If you're working for a company that offers a 401(k), that's usually the best place to start. Not only can you contribute directly from your paycheck before taxes, but many employers will also match a percentage of your contributions.
A Roth IRA lets you contribute after-tax income now so your money grows tax-free and can be withdrawn tax-free in retirement. If you expect to be in a higher tax bracket later, this can be a huge win. There's also the traditional IRA, which gives you upfront tax benefits similar to a 401(k).
Choosing the right mix of accounts doesn't have to be complicated, but it does make a big difference. The earlier your money starts compounding in a tax-friendly account, the better off you'll be.
3. Make it automatic and boring
Set your contributions to auto-deduct from your paycheck or checking account. The less you think about it, the more likely you are to stick with it. And resist the urge to time the market -- long-term investing rewards consistency, not cleverness.
You don't need to pick individual stocks either. A low-cost target-date fund or broad index fund is a smart, hands-off way to grow your money. If you're not sure where to start, a short questionnaire from our partner, SmartAsset, helps match you with up to three fiduciary financial advisors, each legally bound to work in your best interest.
Pro tip: Automation can make it easy to forget to increase your contributions.

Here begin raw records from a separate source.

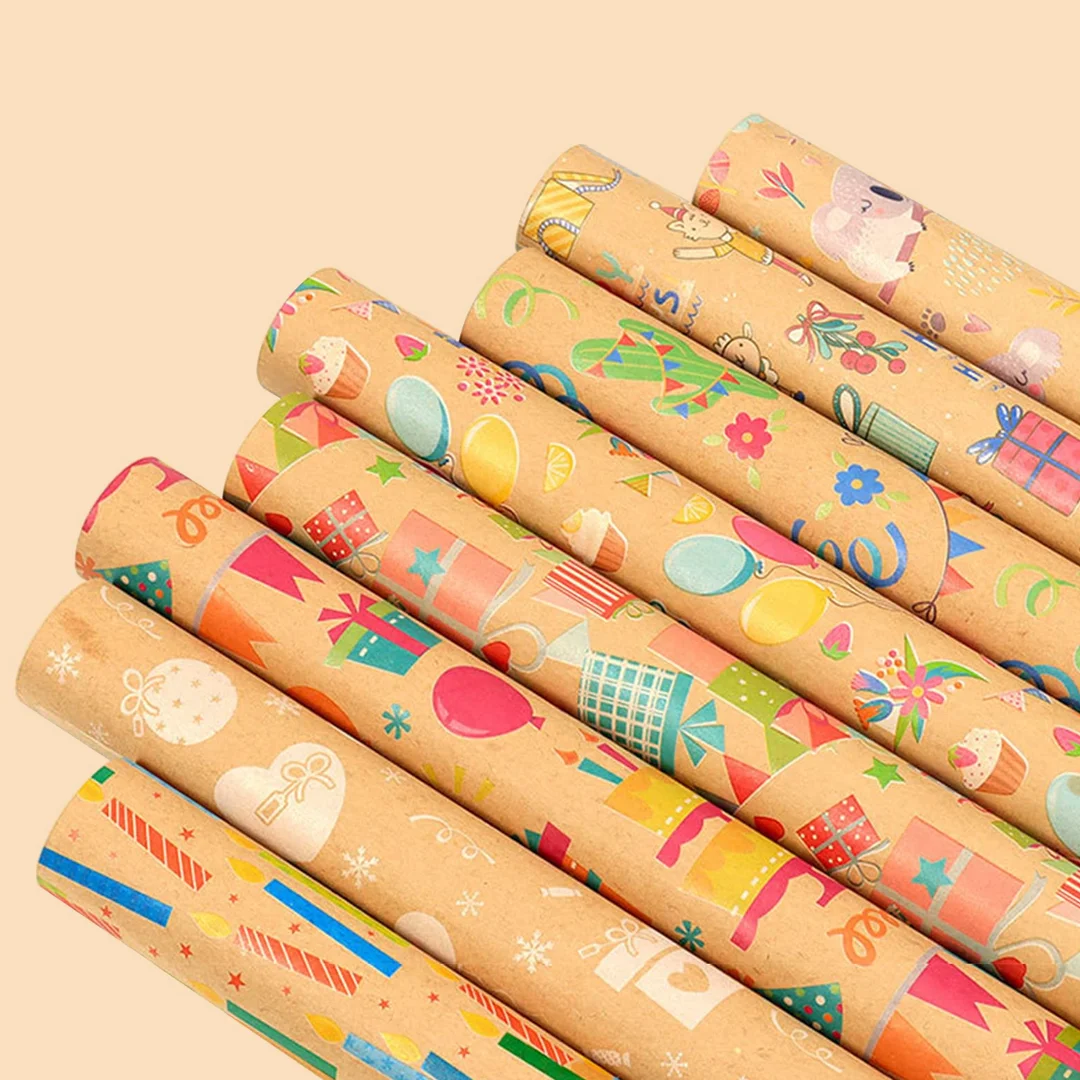 kraft colored tissue paper
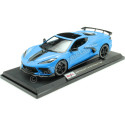 Cochesdemetal.es 2020 Chevrolet Corvette Stingray Coupé High Wing Azul Cian Decorado 1:18 MAISTO 31455AE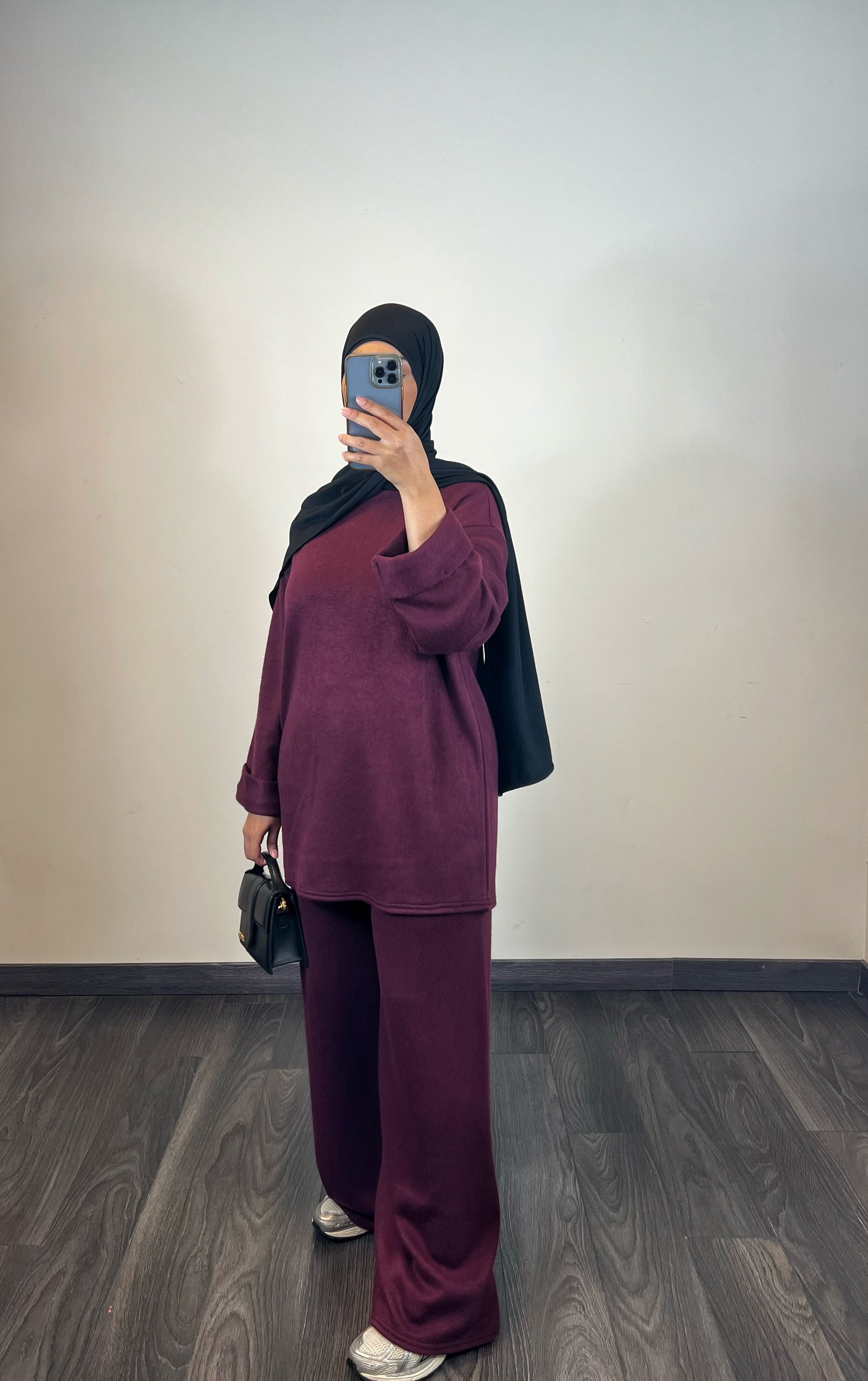 Ensemble doux, couleur Bordeau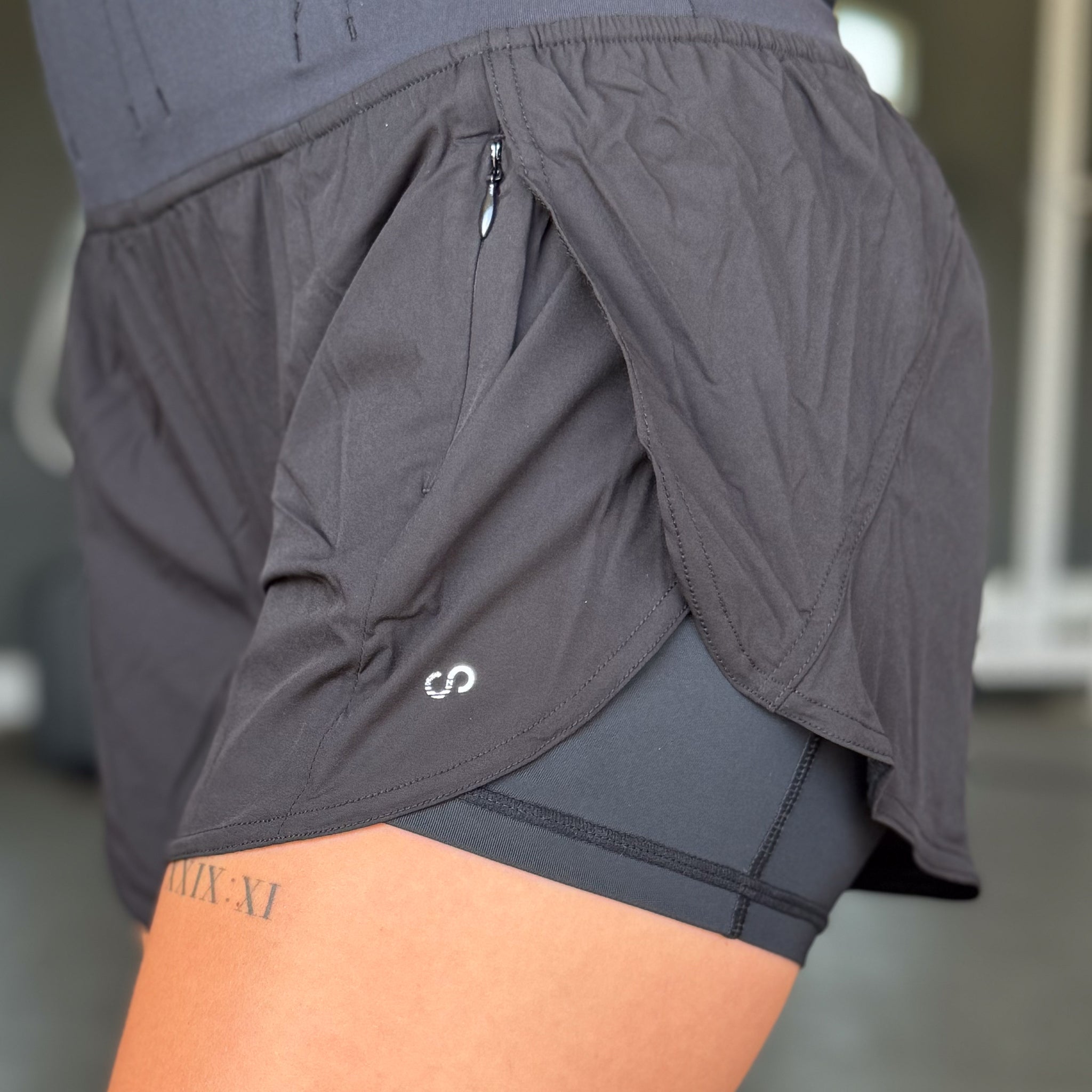 Concealed Carry Running Shorts With Pockets | Black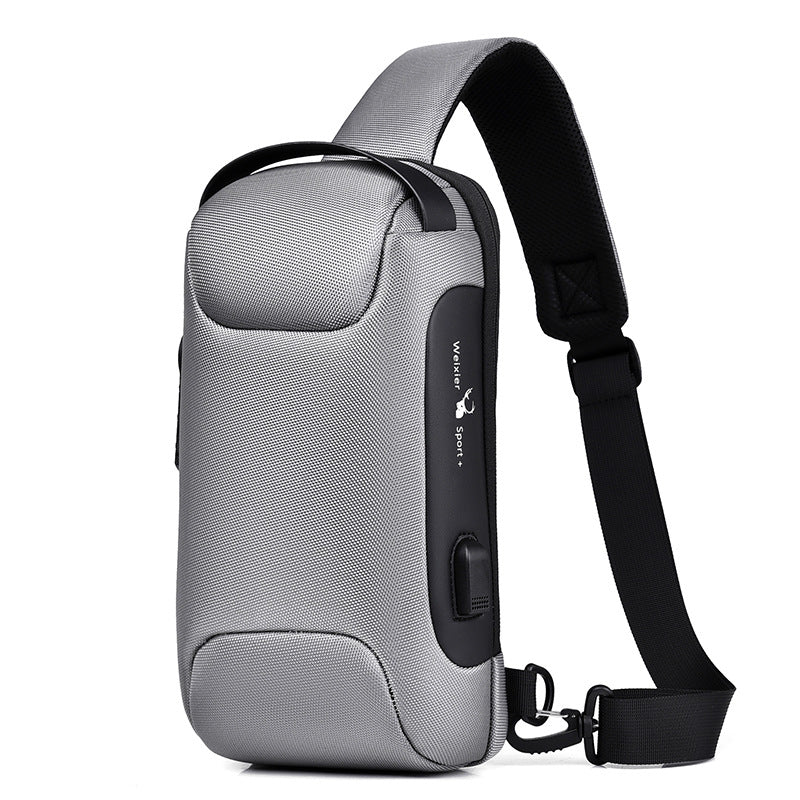 SafeGuard Wasserfest USB-Lade Diebstahl-Schutz Umhängetasche Oxford - Hobbyfy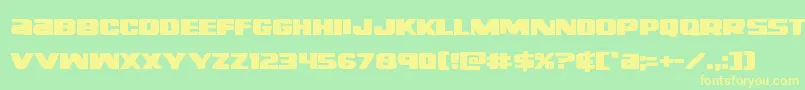 Righthandlukeexpand Font – Yellow Fonts on Green Background
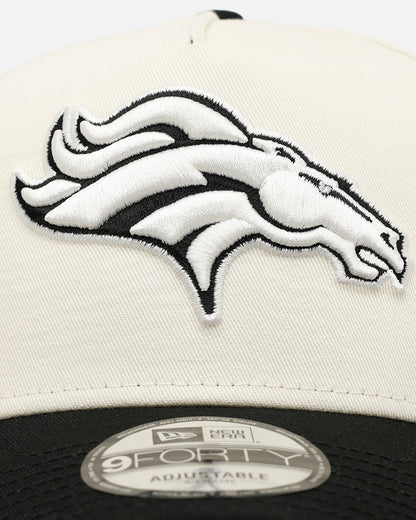 New Era Denver Broncos 'Easy Chrome Black' 9FORTY A-Frame Snapback Chrome/Black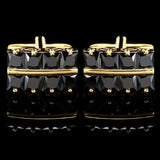 Crystal Cufflinks for Men and Women - Business Wedding Party Accessories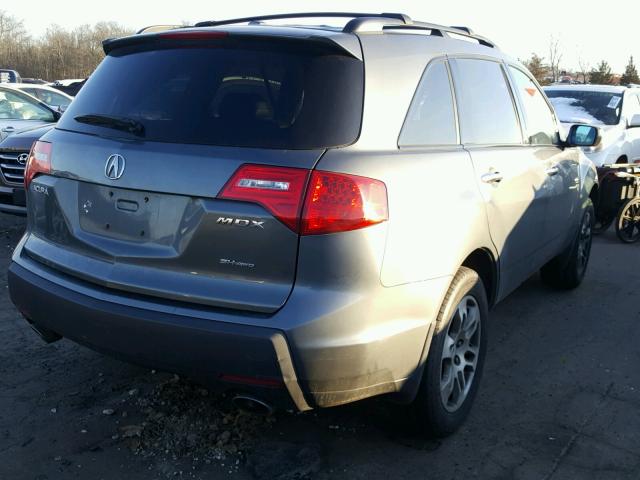 2HNYD28298H516013 - 2008 ACURA MDX GRAY photo 4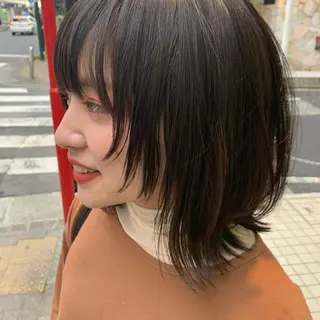 ミディアム circus by KENJE 町田店のヘアスタイル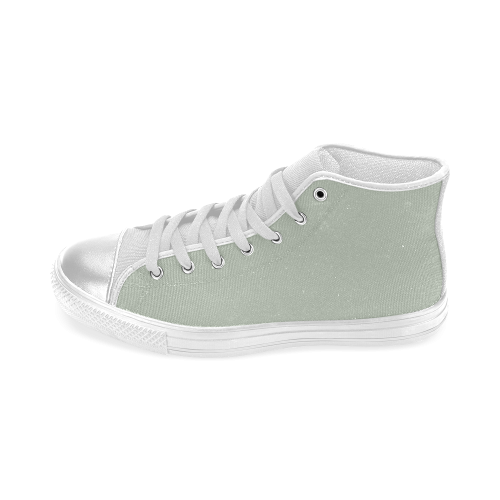 Sea Foam Women's Classic High Top Canvas Shoes (Model 017)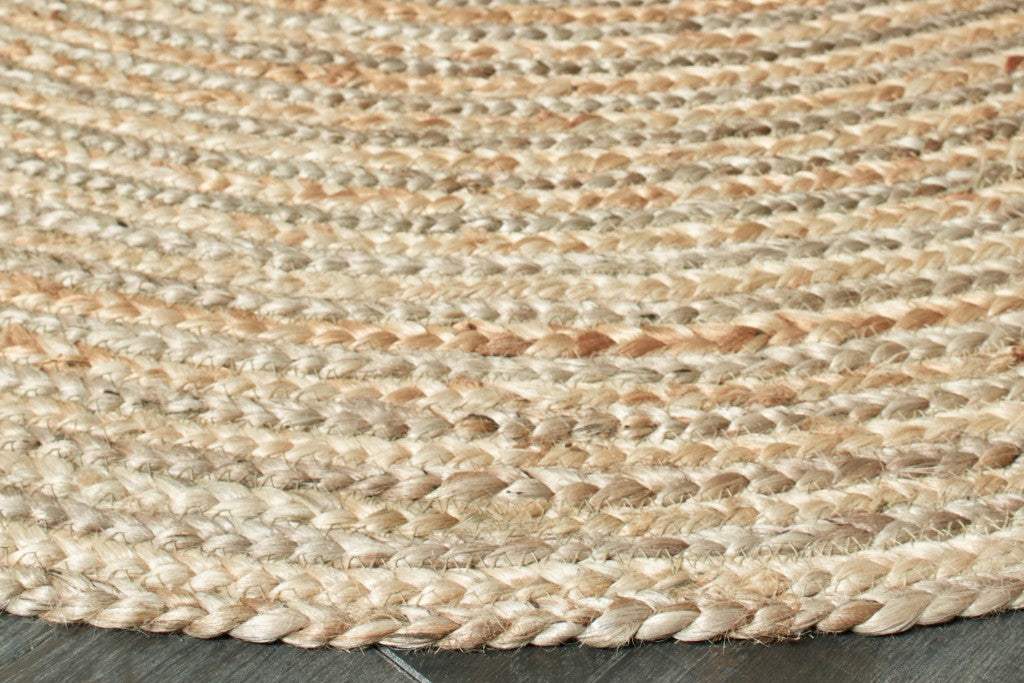 9’ Brown Oval Shaped Jute Area Rug - Homeroots - Flyclothing LLC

Get a raise? Increase your retirement contributions before your lifestyle catches up. Small amounts can really add up thanks to compound interest.
4. Understand the real power of compounding
Let's break it down. Here's what you'd need to invest monthly to hit $1 million by age 65 (assuming 8% average annual returns):
Age You Start | Monthly Contribution Needed |
---|---|
25 | $311 |
30 | $446 |
35 | $679 |
40 | $1,065 |
This chart isn't meant to stress you out -- it's meant to show that the earlier you start, the easier it becomes. You don't have to be rich. You just have to be consistent.